Este quebra-cabeça faz uma pergunta simples cuja essência é: quantos pares de pontos em um pedaço de papel estão à mesma distância?
A teoria prevalecente afirma que uma “grade quadrada” é a chave para criar o número máximo de pares listados no problema, e o próprio Erdős propôs que o número de pares só pode aumentar ligeiramente mais rápido do que o número de pontos à medida que os pontos aumentam.
No entanto, o trabalho da OpenAI refuta esta ideia e propõe um layout próprio.
O matemático Arul Shankar, da Universidade de Toronto, um dos especialistas que revisou o trabalho da OpenAI, chegou a sugerir que o modelo usou sua própria “intuição” para chegar à solução surpreendente.
“Na minha opinião, este artigo mostra que os modelos de IA atuais fazem mais do que apenas ajudar os humanos com a matemática – eles são capazes de gerar ideias originais e engenhosas e depois fazê-las acontecer”, disse ele em comunicado.
Seu colega professor em Toronto, Jacob Tsimerman, disse que ficou surpreso com os resultados e observou que certa vez tentou refutar o problema da distância, mas sem sucesso.
“É uma construção realmente intimidante de se olhar, mesmo se você sabe o que está acontecendo, e ainda mais difícil de jogar sozinho”, disse ele.
A OpenAI tem repetidamente elogiado o uso de seus modelos para ajudar a resolver problemas matemáticos e provar ou refutar conjecturas de décadas atrás, anteriormente consideradas complexas demais para serem abordadas.
A descoberta ocorre poucos dias depois de ter sido revelado que o ChatGPT da OpenAI estava sendo usado para ajudar a resolver outro problema de décadas, então o matemático que primeiro descobriu a solução viu sua ideia “sensacional” provada correta.
Em 1995, o renomado matemático francês Michel Talagrand, 74 anos, fez uma grande declaração, afirmando que em um campo aparentemente interminável e disperso, cheio de pontos em inúmeras dimensões, surgiriam formas simples e regulares.
Mas o que Talagrand acreditava que seria uma tarefa monumental para provar ou refutar o que ele chamou de “conjectura da convexidade” teve um fim abrupto na semana passada, depois que matemáticos do Instituto de Tecnologia da Califórnia usaram o ChatGPT da OpenAI para colocar sua teoria em prática.
“Este é o resultado mais incrível de toda a minha vida”, disse Talagrand à Scientific America ao ver a resposta. “A palavra certa é ‘sensacional’.”

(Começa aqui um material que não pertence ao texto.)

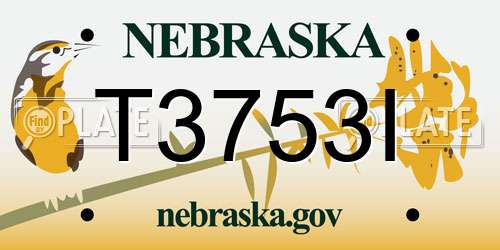 T3753I Nebraska License Plate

No cerne da conjectura de Talagrand está a ideia de que mesmo quando confrontados com mil milhões de dimensões, é possível desenhar formas simples que rodeiam com sucesso uma série de pontos espalhados por essas dimensões.
O matemático francês foi o primeiro a lançar água fria sobre a sua teoria, descrevendo-a como um “tiro no escuro” e dizendo que, se for verdade, foi nada menos que um “milagre total”.
Talagrand chegou a oferecer um prêmio de US$ 2 mil ao longo dos anos para quem aceitasse o desafio, mas nenhum colecionador nunca se apresentou.
Até que Antoine Song e seu aluno, Dongming (Merrick) Hu, usaram o ChatGPT para traduzir o problema de Talagrand e mostrar que ele estava certo.
A dupla finalmente trabalhou com Stefan Tudose, um matemático de Princeton, em uma prova final, optando por excluir o ChatGPT devido a incertezas no “processo de pensamento” do modelo de linguagem.